This was a launch with 4 balloons tied together to launch a 5 kg
payload. It reached a height of about 25 km before the balloons burst.
We had filled the
balloons to a lifting capacity of 5 kg which, for these Pawan 2kg
balloons, appears
to give a burst altitude of 25 km. We followed the payload for about 6
hours when the battery
on the tracker failed at which point it had descended to 19 km. It fell
to the ground soon
after that and was recovered by the local kids.
We later found that the parachute did not open because the line to the
balloons had fouled the parachute lines but, in a fortuitous
combination
of errors, one balloon had a leak and so did not burst and let the
payload
fall slowly enough that there was no damage.
Although the kids who found the payload pulled everything apart,
nothing was damaged and they later
telephoned us and returned everything safely.
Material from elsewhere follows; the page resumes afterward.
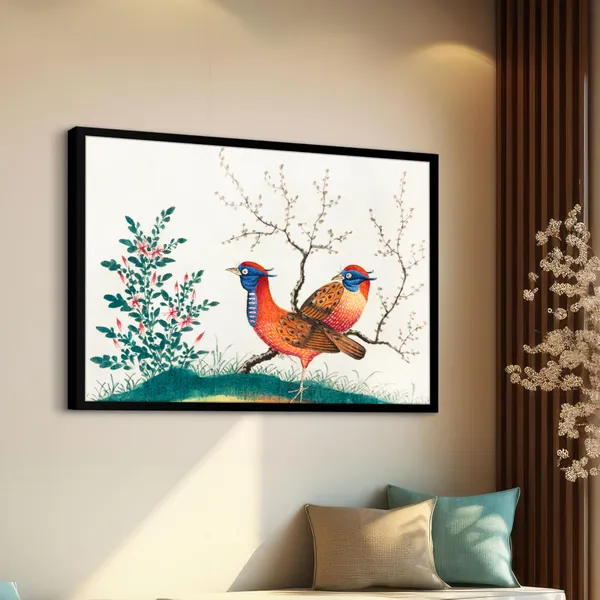 Spring_Plumage_–_Oriental_Bird_&_Blossom_Wall_Art_With_black_Frame_Painting_For_Home_Decor_Living_Room_Wall_Decoration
The scientific purpose of the experiment was to measure airglow lines
but the spectrograph
was saturated, presumably by bright clouds reflecting sunlight back
into the entrance slit.
The image to the left shows the balloons filled at our CREST campus and
ready to go and was
taken from the roof of the building. The second image is from a USB
camera mounted on the top
of the payload to monitor the balloons and shows the children who
picked up the balloon and the payload.
We also had a camera pointed out the side which worked for about two
hours until the payload overheated.
It took one frame every 10 seconds which we have combined into a video.